El escritor portugués Antero de Figueiredo describía así al mendigo español de antaño: “A la puerta de una tienda, recogiendo los últimos rayos del sol que se pone, y sentado en el suelo, un mendigo de los caminos come en un tarro su caldo mendigado. Es la figura de un hambriento, rostro descarnado, desencajado, melena densa de cabello hirsuto. Los tendones de su cuello son de hierro negro, como lo son los huesos de las clavículas escuálidas. Lo cubren paños cosidos. En las piernas, una especie de polainas, atadas con cordeles, por los agujeros de las alpargatas salen los dedos de los flacos pies. En las manos, piel y hueso, que sostienen la escudilla y la cuchara de estaño, se diseñan las falanges y los nudos de los dedos. ¡Ah, los mendigos españoles!

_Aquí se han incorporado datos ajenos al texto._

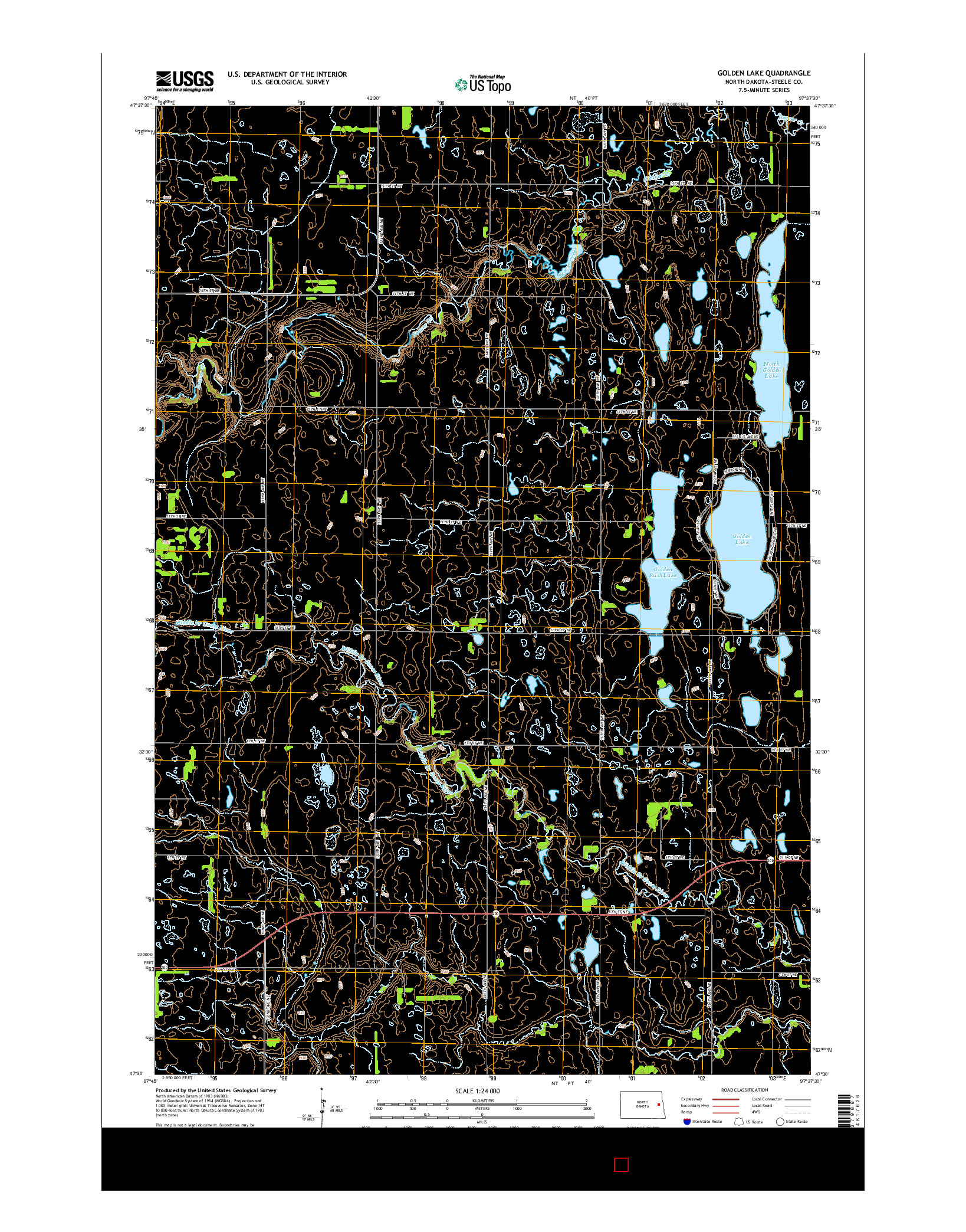 USGS US TOPO 7.5-MINUTE MAP FOR GOLDEN LAKE, ND 2014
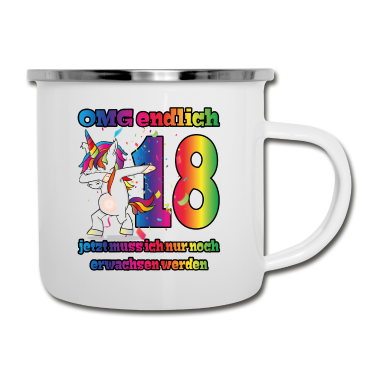 Geschenk zum 18 Emaille Tasse - OMG endlich 18! Dabbing Einhorn 18. Geburtstag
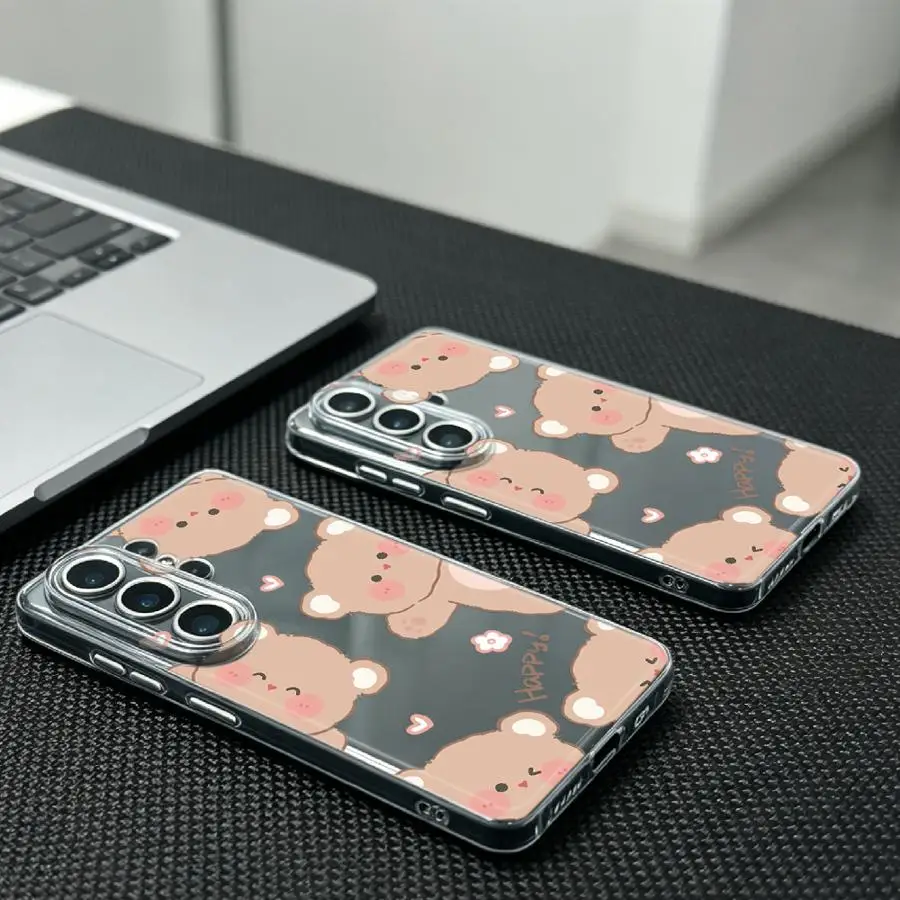 Cute Bear Face Pattern Case for Samsung Galaxy S26 Note 20 Ultra 10 S22 FE S23 Ultra S21 S25 Edge S24 S20 Plus Phone Cover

El lápiz trágico de Gustavo Doré, en su viaje a España, dibujó algunos de estos hombres, envueltos en capas raídas, manteniendo, sin embargo, a través de la miseria, un tal aplomo que se diría que son Grandes de España o Señores de Bazán a quienes las tempestades de la vida, arrastrándolos a la miseria, obligándolos a extender la mano a la limosna, no consiguen quitar la verticalidad de su espina dorsal orgullosa. Y como el arte es un sol que todo dora, esos trapos, en las manos del diseñador de las visiones, de la negrura y de la luz, tomaban aspectos de grandeza. ¡Los pobres españoles son trágicos! Su miseria grita, su aspecto sobrecoge. Pero un halo de belleza cerca la cabeza de este desventurado, la humildad, la resignación de toda su figura. Trapo humano, pobrecillo de Cristo, ciertamente, ¡Jesús te sonríe!”

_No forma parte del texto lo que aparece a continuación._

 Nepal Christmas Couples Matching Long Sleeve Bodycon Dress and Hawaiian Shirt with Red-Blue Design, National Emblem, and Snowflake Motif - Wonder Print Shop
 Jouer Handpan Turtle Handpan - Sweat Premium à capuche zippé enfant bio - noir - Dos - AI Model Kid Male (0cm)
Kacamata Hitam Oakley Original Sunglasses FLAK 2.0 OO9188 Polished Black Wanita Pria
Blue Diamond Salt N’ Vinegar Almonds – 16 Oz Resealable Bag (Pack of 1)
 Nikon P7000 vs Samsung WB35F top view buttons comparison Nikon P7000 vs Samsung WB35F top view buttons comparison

¡Cuánto poder evocativo, cuánta riqueza de análisis, cuántos burbujeantes coloridos en la descripción! Destacando en el cuadro más próximo de lo real que si fuese pintado, un trazo que el gran Antero supo dejar bien claro, pero que no incluyó en su párrafo final. Es la riqueza de personalidad, la fuerza de alma, la elevación de vistas, en síntesis, la verdadera hidalguía de estilo, que existe a la par de la humildad y de la resignación de corazón, en este gigantesco “pobrecillo de Cristo” que tan bien supo observar y describir.
Heroicamente de pie en el centro de su propio infortunio, verdadero “caballero” de la mejor cepa española y cristiana, este hombre resplandece de noble originalidad. Sin duda, también de augusta respetabilidad. Mendigo de cuerpo, él es un millonario de alma.

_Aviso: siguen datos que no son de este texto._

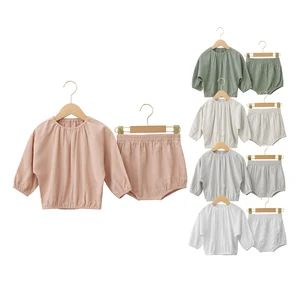Best Prices Solid Color Children's Wear Girls' Pure Home Wear Suits and Summer Thin Baby Long-sleeved Casual Clothing Sets
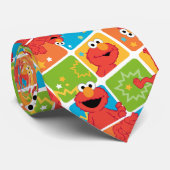 Kleurrijk Elmo-rasterpatroon Stropdas (Opgerold)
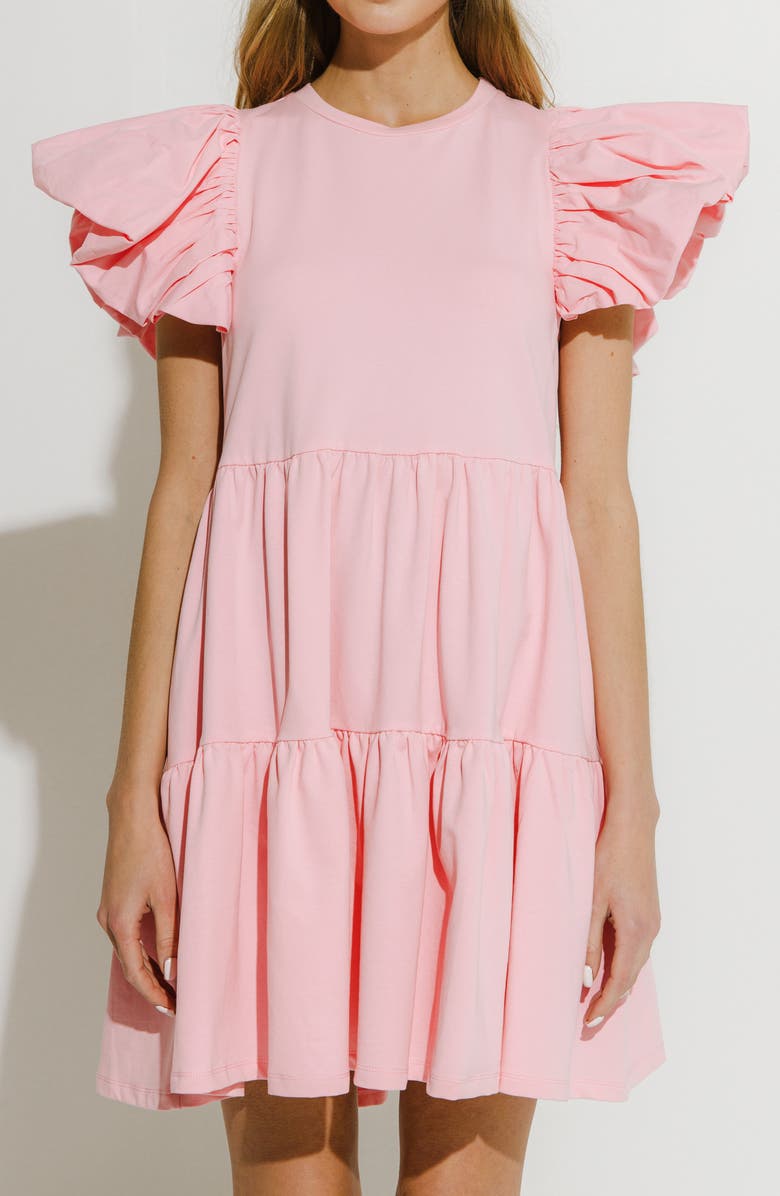 English Factory Puff Detail Knit Dress, Alternate, color,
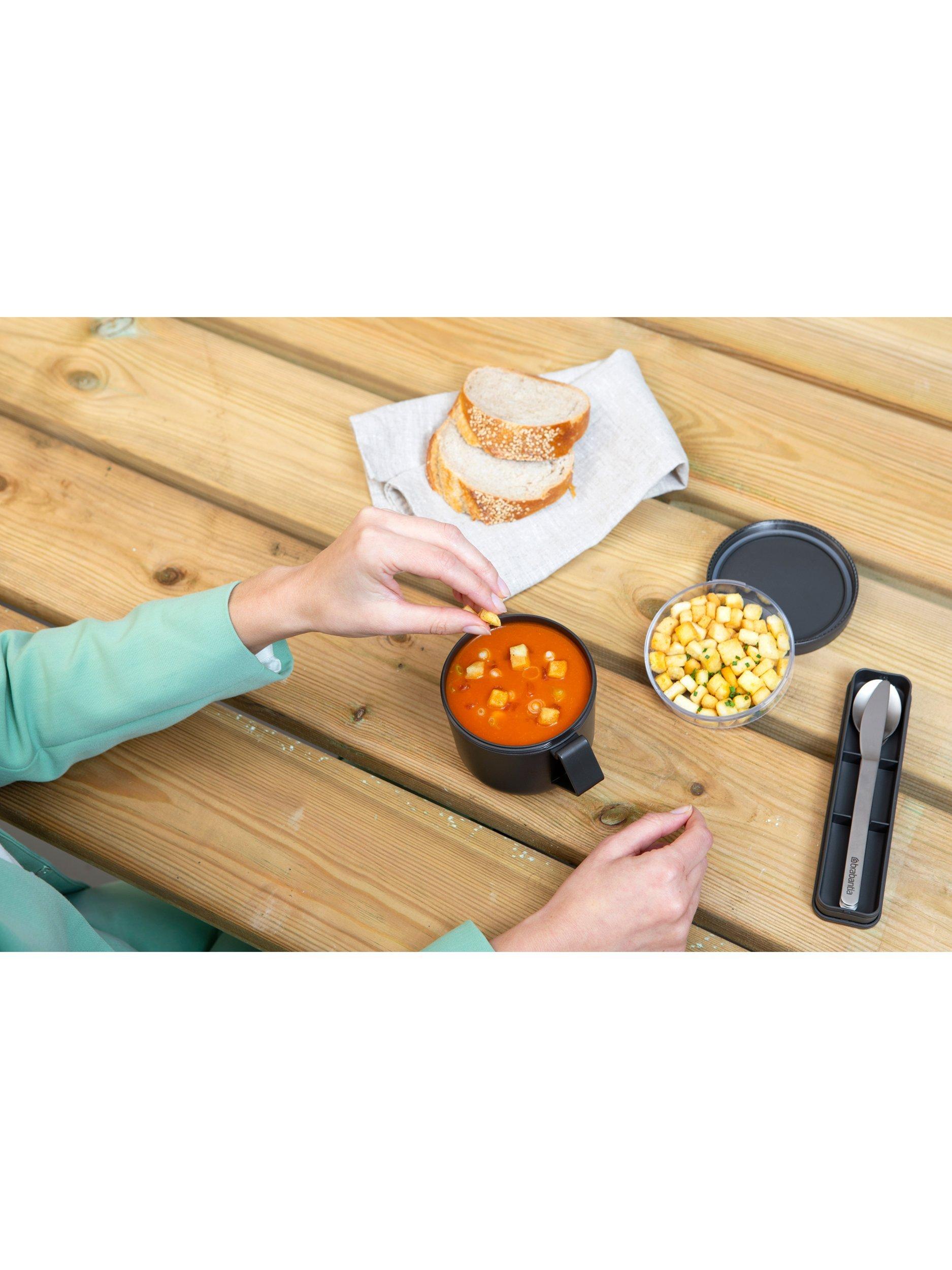 Brabantia Suppentasse 600ml mit Topping-Behälter (britische Marke)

Si a cualquiera de estos agitados y estandarizados personajes de nuestro siglo se le ofreciese ser este sublime mendigo, lo rechazarían horrorizados. Para ellos la riqueza de personalidad, la elevación de visión, la privilegiada fuerza de alma, la originalidad personal, la respetabilidad venerable, todo esto vale menos que una tranquila y común vida, estable y acomodada. O una gran vida, holgada, opulenta y despreocupada.
Pero, si se le ofreciese al mendigo perder todos sus tesoros de alma para ser un hombre patrón de la inmensa y monótona colmena contemporánea, con cuánta indignación lo rechazaría. El mendigo tendría razón. ¡Quién entenderá esto, en estos tristes días de banalidad neopagana en que vivimos!